The formatting style to be used for binary blobs. The default format is base64. The base64 format expects binary blobs to be provided as a base64 encoded string. The raw-in-base64-out format preserves compatibility with AWS CLI V1 behavior and binary values must be passed literally. When providing contents from a file that map to a binary blob fileb:// will always be treated as binary and use the file contents directly regardless of the cli-binary-format setting. When using file:// the file contents will need to properly formatted for the configured cli-binary-format.

  • base64

  • raw-in-base64-out

--no-cli-pager (boolean)

Disable cli pager for output.

--cli-auto-prompt (boolean)

Automatically prompt for CLI input parameters.

--no-cli-auto-prompt (boolean)

Disable automatically prompt for CLI input parameters.

Output

LifecyclePolicies -> (list)

An array of lifecycle management policies. EFS supports a maximum of one policy per file system.

(structure)

Describes a policy used by EFS lifecycle management and EFS Intelligent-Tiering that specifies when to transition files into and out of the file system’s Infrequent Access (IA) storage class. For more information, see EFS Intelligent‐Tiering and EFS Lifecycle Management .

Note

When using the put-lifecycle-configuration CLI command or the PutLifecycleConfiguration API action, Amazon EFS requires that each LifecyclePolicy object have only a single transition.
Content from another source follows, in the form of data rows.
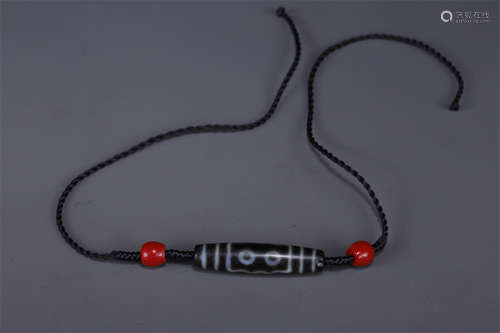 A Necklace of Five-Eye Dzi Bead.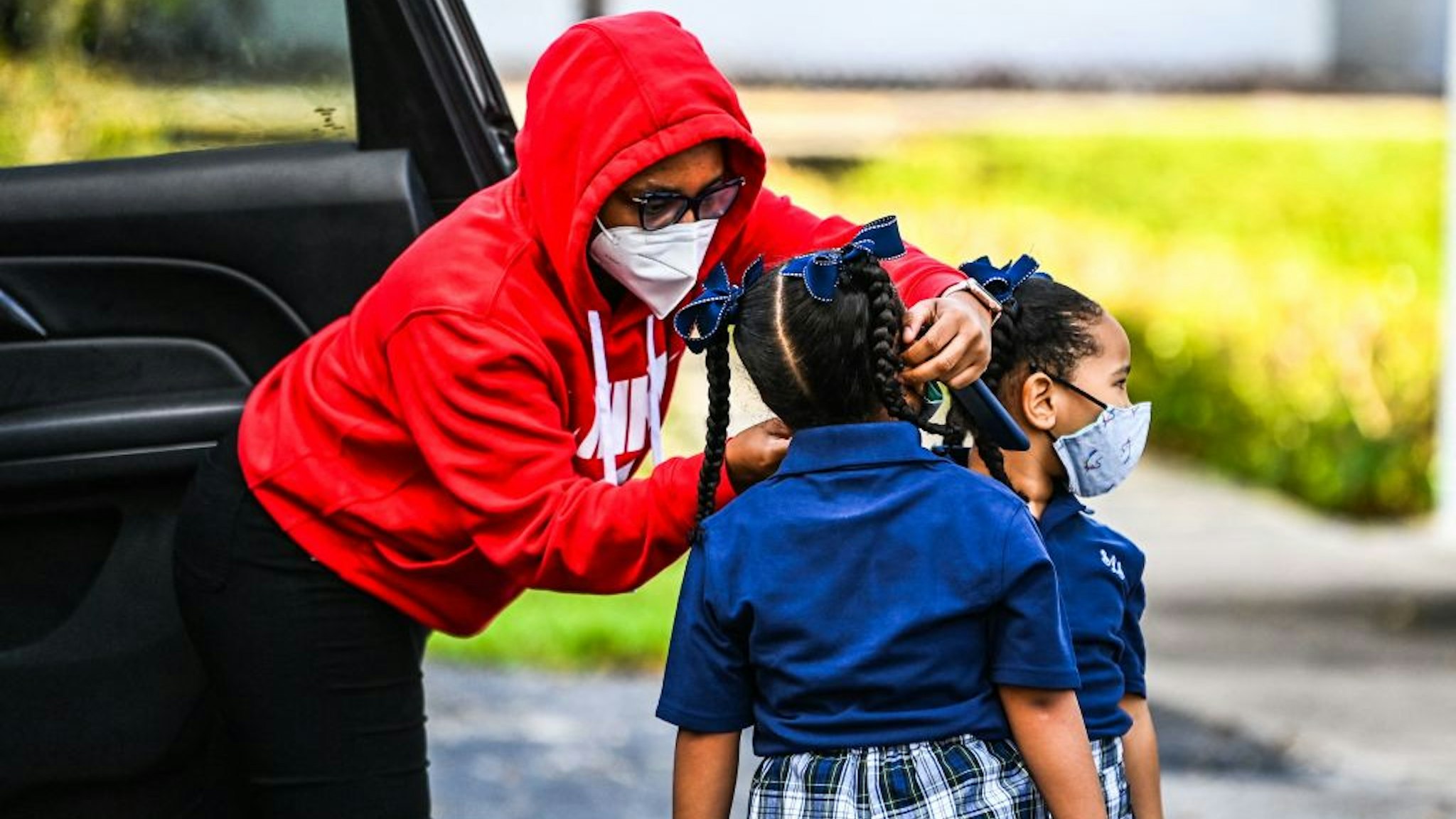 A mother adjusts the facemask of her child as she enters the St. Lawrence Catholic School on the first day of school after summer vacation in north of Miami, on August 18, 2021. (Photo by CHANDAN KHANNA / AFP) (Photo by CHANDAN KHANNA/AFP via Getty Images)
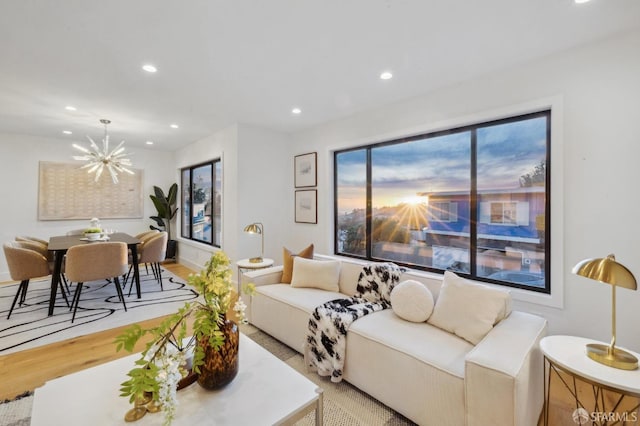 living room with light hardwood / wood-style flooring and a chandelier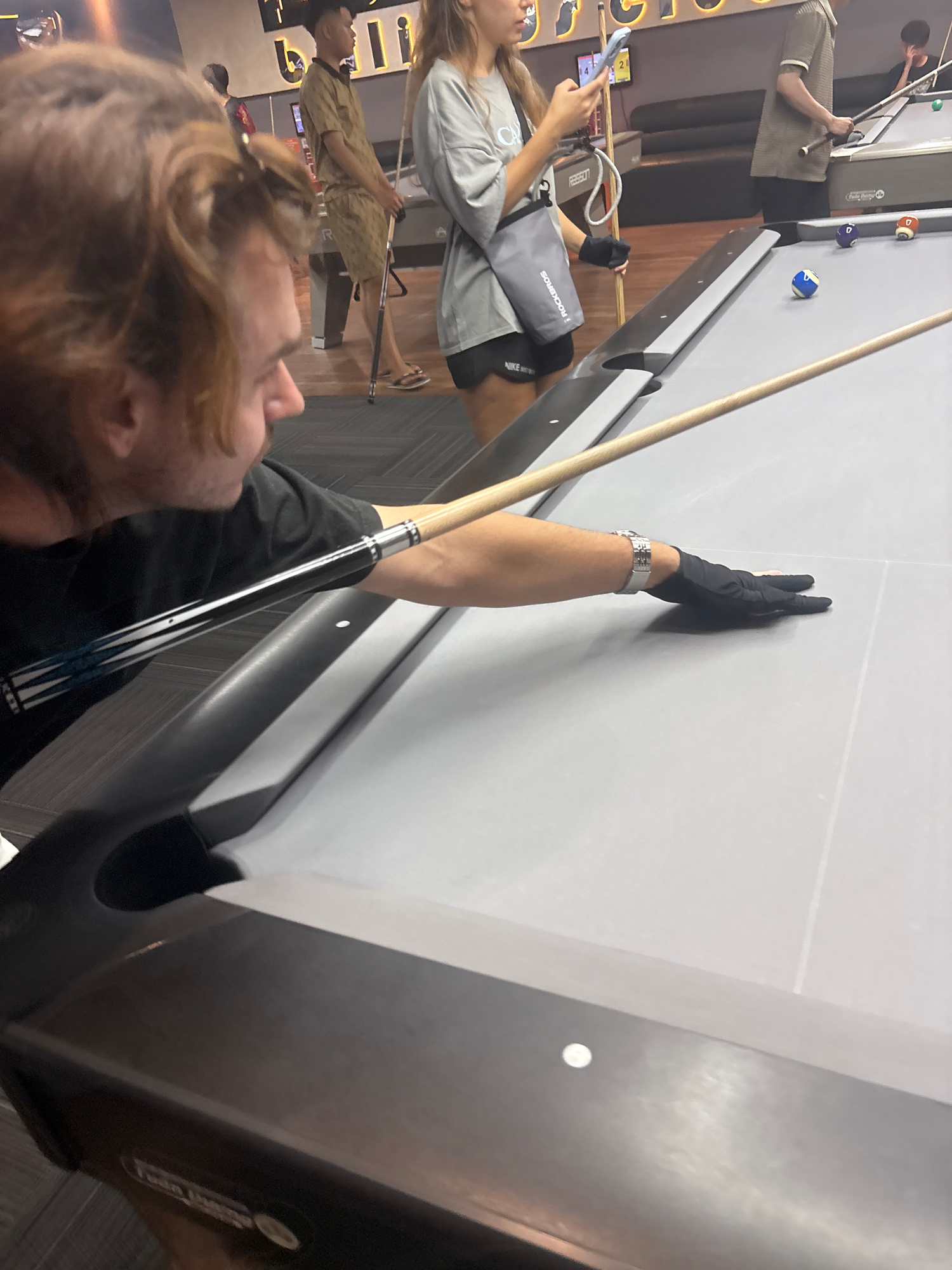 This image shows a group of people in a dimly lit establishment, possibly a bar or entertainment venue, with several pool tables. The scene is oriented vertically, so the people and objects appear sideways.
In the foreground, a person with shoulder-length blonde hair is in focus, wearing a black t-shirt and looking downwards. They are holding a pool cue. Another person, wearing a grey t-shirt and black shorts, is visible in the background, holding a pool cue and standing near a pool table. They are also wearing black gloves. A grey bag with the word "ROCKEROS" and "NIKE" is on the floor near them. Further in the background, another person in a patterned shirt is seen with a pool cue.
Several pool balls are scattered on a pool table in the midground, including a blue and white striped ball and a solid orange ball. The pool table is covered with a light grey felt. The setting appears to be indoors, with wooden flooring and some decorative lighting visible. The overall mood seems relaxed and casual, suggesting a social gathering or recreational activity. No specific time of day or weather conditions can be determined from the image. The location context provided is Đà Nẵng, Vietnam.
This means that in a request body, LifecyclePolicies must be structured as an array of LifecyclePolicy objects, one object for each transition, TransitionToIA , TransitionToPrimaryStorageClass . For more information, see the request examples in PutLifecycleConfiguration .
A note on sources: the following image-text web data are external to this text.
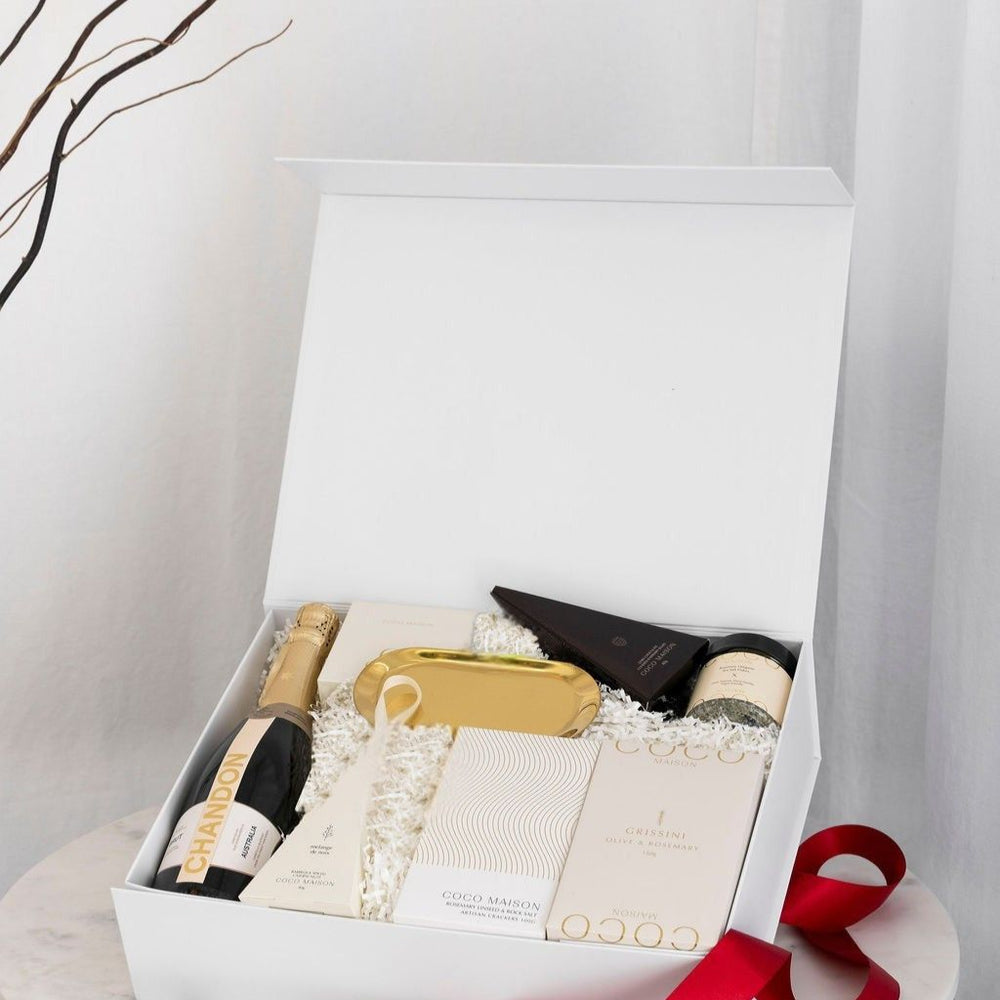 Parcelle | White Christmas luxury hamper with Chandon Sparkling, Grissini, Crackers, Cashews, Chocolates, Salt Flakes, and Gold Tray, presented in Parcelle Signature Large Gift Box with Australiana or Candy Stripe sleeve, free branding available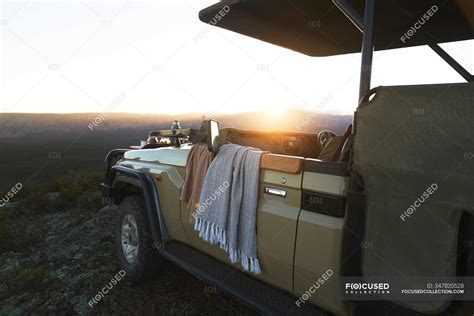 Sunrise behind safari off-road vehicle South Africa — Eco Tourism ...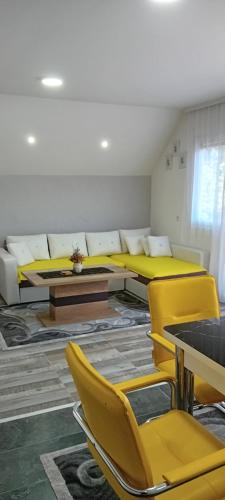 a room with yellow beds and tables and chairs at Apartmani Romansa Perucac in Perućac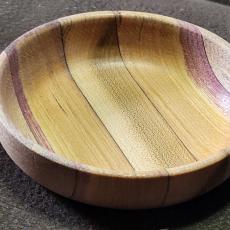 Striped bowl with purple accents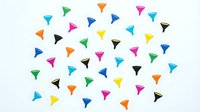 Colorful paper airplane collection scattered on white background. Vibrant origami planes in multiple colors perfect for creative projects and designs.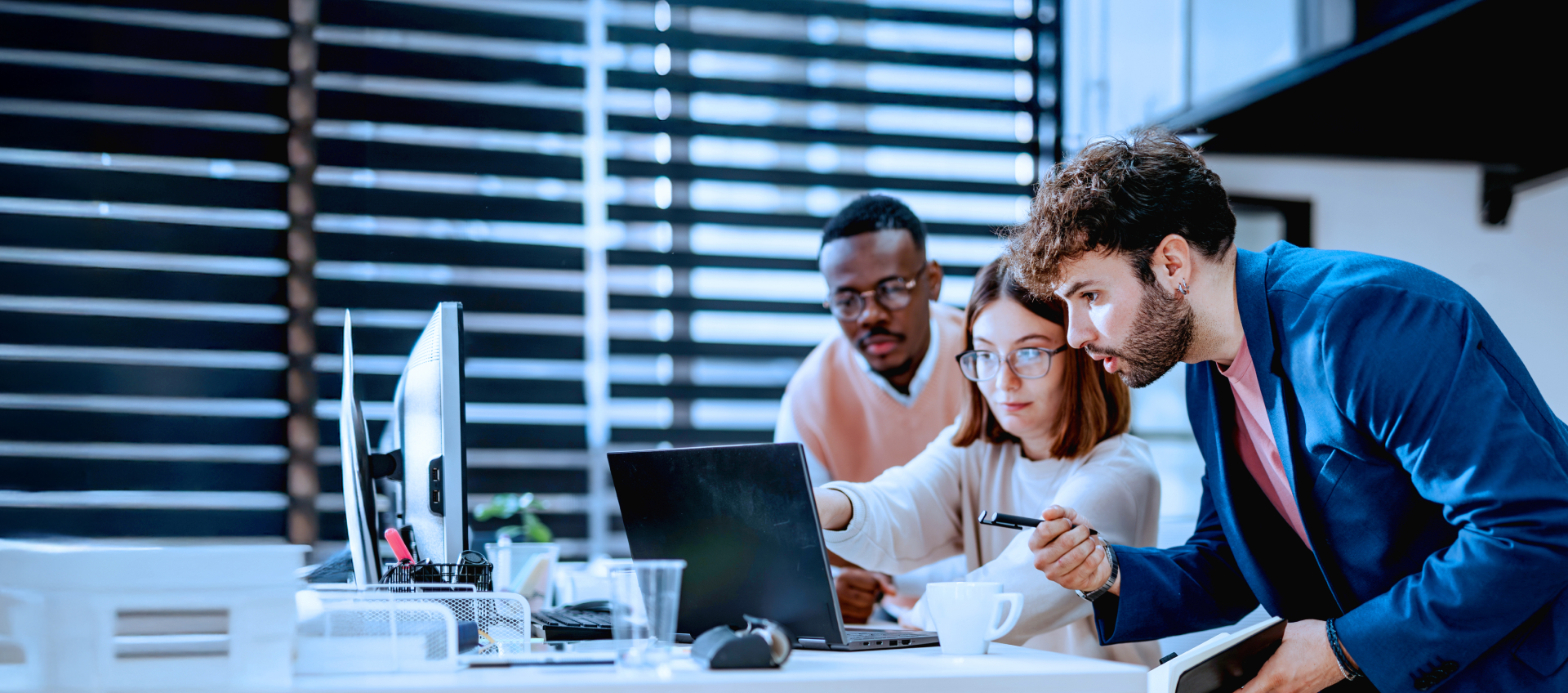 three colleagues working together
TransitionToIA -> (string)

Describes the period of time that a file is not accessed, after which it transitions to IA storage. Metadata operations such as listing the contents of a directory don’t count as file access events.

TransitionToPrimaryStorageClass -> (string)

Describes when to transition a file from IA storage to primary storage. Metadata operations such as listing the contents of a directory don’t count as file access events.